By law, legislative bodies are allowed to go into closed session to discuss negotiations for the purchase, sale, exchange or lease of real property. As with meetings in open session, the public must be notified of the meeting's time and purpose 72 hours in advance.

To call an urgent closed session without advance notice, the regulations are much more restrictive. "An emergency closed session is very, very, very rare because the circumstances under which (it) can be held are so narrow and specific," Mr. Ewert told the Almanac.

Among the provisions in the Brown Act that cover this matter, one allows a legislative body to call an urgent closed session if three conditions are met: a majority approves of the idea, there is a need to take "immediate action," and the need arose after the posting of the regular agenda.

Mayor Ted Driscoll cited this provision as justifying the March 23 urgent closed session. Were the standards met?

"We believed there was new information that had come to our attention since the agenda had been published and that it could require immediate action, so we were legally justified in calling for that closed session," Mr. Driscoll said in an email. "After further discussion and consensus in the closed session, we concluded that it was in fact best at this time to take no action."

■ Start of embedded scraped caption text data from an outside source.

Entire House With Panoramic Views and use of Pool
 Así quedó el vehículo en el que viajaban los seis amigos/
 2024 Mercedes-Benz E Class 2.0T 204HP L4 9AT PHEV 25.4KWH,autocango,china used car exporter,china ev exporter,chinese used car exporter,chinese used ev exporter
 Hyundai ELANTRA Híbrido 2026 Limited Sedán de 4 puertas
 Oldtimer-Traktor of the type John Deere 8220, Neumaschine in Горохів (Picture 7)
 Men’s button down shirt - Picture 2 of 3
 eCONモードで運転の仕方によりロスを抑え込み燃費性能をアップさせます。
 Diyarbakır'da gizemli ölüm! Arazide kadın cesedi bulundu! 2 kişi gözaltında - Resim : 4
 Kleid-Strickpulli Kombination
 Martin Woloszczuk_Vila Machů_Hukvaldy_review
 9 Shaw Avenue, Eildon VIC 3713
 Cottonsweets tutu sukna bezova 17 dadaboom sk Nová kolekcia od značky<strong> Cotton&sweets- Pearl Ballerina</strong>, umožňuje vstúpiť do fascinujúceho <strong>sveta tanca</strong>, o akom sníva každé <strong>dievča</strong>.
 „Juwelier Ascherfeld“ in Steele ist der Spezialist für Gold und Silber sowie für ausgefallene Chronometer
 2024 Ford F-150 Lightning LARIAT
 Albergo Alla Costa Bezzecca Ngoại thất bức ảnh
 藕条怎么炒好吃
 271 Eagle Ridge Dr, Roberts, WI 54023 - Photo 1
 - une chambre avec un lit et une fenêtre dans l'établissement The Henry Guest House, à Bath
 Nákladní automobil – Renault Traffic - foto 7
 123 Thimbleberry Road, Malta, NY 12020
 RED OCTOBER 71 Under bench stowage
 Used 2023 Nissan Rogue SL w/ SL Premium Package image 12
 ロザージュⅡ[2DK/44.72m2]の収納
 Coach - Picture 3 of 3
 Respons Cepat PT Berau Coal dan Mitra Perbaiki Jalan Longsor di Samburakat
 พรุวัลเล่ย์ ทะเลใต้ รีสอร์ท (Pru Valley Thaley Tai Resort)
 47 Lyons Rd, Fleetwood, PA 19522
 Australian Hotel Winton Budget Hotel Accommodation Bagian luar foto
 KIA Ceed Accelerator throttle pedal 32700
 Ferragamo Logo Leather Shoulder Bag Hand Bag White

Urgent sessions are "in fact, rare" in Portola Valley, he added and cited a statement from the town clerk, who said that there has been only one other instance in the past 15 years.

The Brown Act requires that the council report on what happened in a closed session after the session is over. Asked for that report on the Al's Nursery matter, Mr. Driscoll said: "... I believe I can't comment except to say we took no formal action. It was intended to get the whole council up to date on an issue."

Did the Portola Valley council meet the standard for an urgent meeting that demanded "immediate action"?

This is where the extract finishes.